# Almost Ready to Throw in the Towel on Bermuda



## andymac7 (Oct 30, 2018)

Ok guys (and gals).. I've just about had it.

Two seasons ago my Yukon bermuda was awesome. It was the first season with my Jake Tri-King, was mowing frequently at .75", since my yard is very bumpy, but it looked pretty great. The next season was awful for many reasons:

- EVERYTHING went bad on the Jake. I'll spare you the list of what all I had to either fix or replace. Thus, I mostly hacked at it with my 42" Deere rotary. It wasn't good.
- February was suddenly/strangely cold and wet. This left me with Spring Dead Spot. Since I had already put down pre-emergent, the stolons didn't really start filling in for me until mid June, so the lawn was only 95% filled in before winter came. 
- I sprayed Eagle fungicide to try and combat the SDS, Bifen XT for bugs, plus supplemented with a foliar Potash for winter hardiness.

This past winter / spring:
- Just cold / wet altogether again! 
- Very late spring
- To my chagrin, put down pre-emergent again, hoping that somehow the SDS and winterkill wouldn't show up again. No such luck.

I'm left now with this:





 So.. as I said I'm ready to pack it in. Of course my Zoysia in the back yard looks great. Also, the pure stands of Yukon I have elsewhere in the yard that I even seeded LATE last summer look good as well, with no kill or SDS. Can someone please advise on next steps? Do you see mostly winterkill this year, SDS, or something else?

As a quick side note, we did have concreate sidewalks and a driveway put in last year, late in july, and it did a number on the area in question, but not out into the yard as shown, just mainly around the sidewalk. So, some of the rough patches are a result.

So here's what I've pondered:

- going nuclear on this spot, getting on my dad's small tractor with a blade and digging it up down to 2-3 inches, putting in new soil and reseeding with Yukon. The reason I'm considering this is because years ago now when I first seeded, I threw down a stupid store-bought mix of Mohawk and common or whatever, which (according to NTEP trials) isn't nearly as cold hardy and as SDS resistant as Yukon.

- digging as mentioned, but pulling stolons from my stands of pure Yukon in the other part of the yard, and planting them.

- waiting it out, going nuts with the garden weasel (like I did last year), mowing often, and spoon feeding Urea once a week.

- Using my Proplugger and getting plugs from the Yukon stand

So, regardless of the route I take, I will certainly do a double app this fall of either Clearys or Eagle for the SDS (unless you guys suggest something better), then probably supplement once again with Potash, and hope for the best this winter.

Also, speaking of, I do NOT think now that's it's a benefit for me to let my bermuda get taller for winter. I think this might only accelerate the SDS and other issues by leaving all of that thatch and dead matter to sit there. Thoughts?

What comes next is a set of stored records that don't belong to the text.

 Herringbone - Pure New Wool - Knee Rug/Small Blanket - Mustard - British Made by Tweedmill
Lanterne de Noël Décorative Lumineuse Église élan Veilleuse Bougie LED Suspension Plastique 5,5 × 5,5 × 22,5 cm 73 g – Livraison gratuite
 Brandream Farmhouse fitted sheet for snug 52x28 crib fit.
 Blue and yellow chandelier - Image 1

Any/all suggestions tips at this point I would greatly appreciate.

Thanks!


----------



## Rooster (Aug 19, 2019)

You've perhaps explained this before, but is there a reason you want bermuda in what is presumably zone 6b/6a? You seem to me to be firmly in cool season territory to me.

With that said, if it were me I'd go option 3 or 4. As ill suited as Mohawk or common is for your part of the world, that doesn't mean digging up 2-3 inches of soil will get rid of it. It almost certainly won't. If you think it's the old variety that is dying over the winter, I think your best bet is just to encourage more and more Yukon in there, and it will win in the end if it's not suffering the same winter damage.


----------



## andymac7 (Oct 30, 2018)

Bermuda_Rooster said:


> You've perhaps explained this before, but is there a reason you want bermuda in what is presumably zone 6b/6a? You seem to me to be firmly in cool season territory to me.
> 
> With that said, if it were me I'd go option 3 or 4. As ill suited as Mohawk or common is for your part of the world, that doesn't mean digging up 2-3 inches of soil will get rid of it. It almost certainly won't. If you think it's the old variety that is dying over the winter, I think your best bet is just to encourage more and more Yukon in there, and it will win in the end if it's not suffering the same winter damage.

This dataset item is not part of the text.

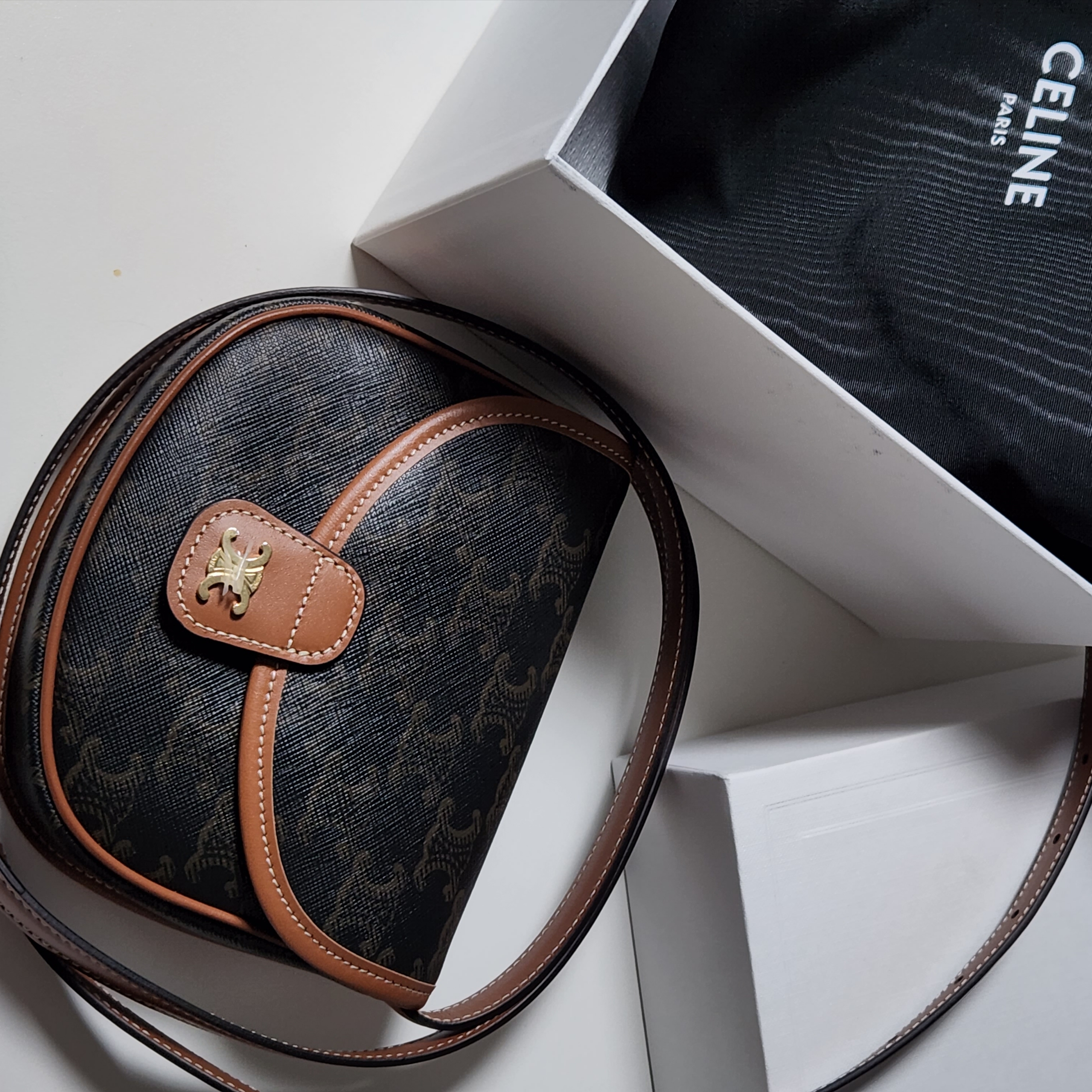 Celine Mini Besace in Triomphe Canvas and Calfskin Tan 착용 스타일 - 2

Thanks @Bermuda_Rooster, Yeah, I'm leaning towards 3 and 4 also, especially since I already have Yukon in places, and can transplant. Thanks for the input.

As far as me wanting bermuda, I've just always liked the look of it, with it's blue-green color and tight growing habit. I've had cool season grass most of my life, and since we're in the Ohio river valley, it gets very hot/humid in the summer, and sometimes burns up much of it. Also, I know zone denial is a real thing, lol, but I think we're actually in a microclimate of the coolest part of zone 7. I've been closely monitoring temps for years now, and we rarely see close to 0, and most winters only see 1 night in single digits. This winter was a cold one with low temps of 3, 3, and 8.

With all of that said, bermuda is actually common around here, with my local golf course recently replacing all of their fairways with it, since the bluegrass was constantly getting burnt up. Many lawns do have it, but most people probably don't know what they have yet. Lol.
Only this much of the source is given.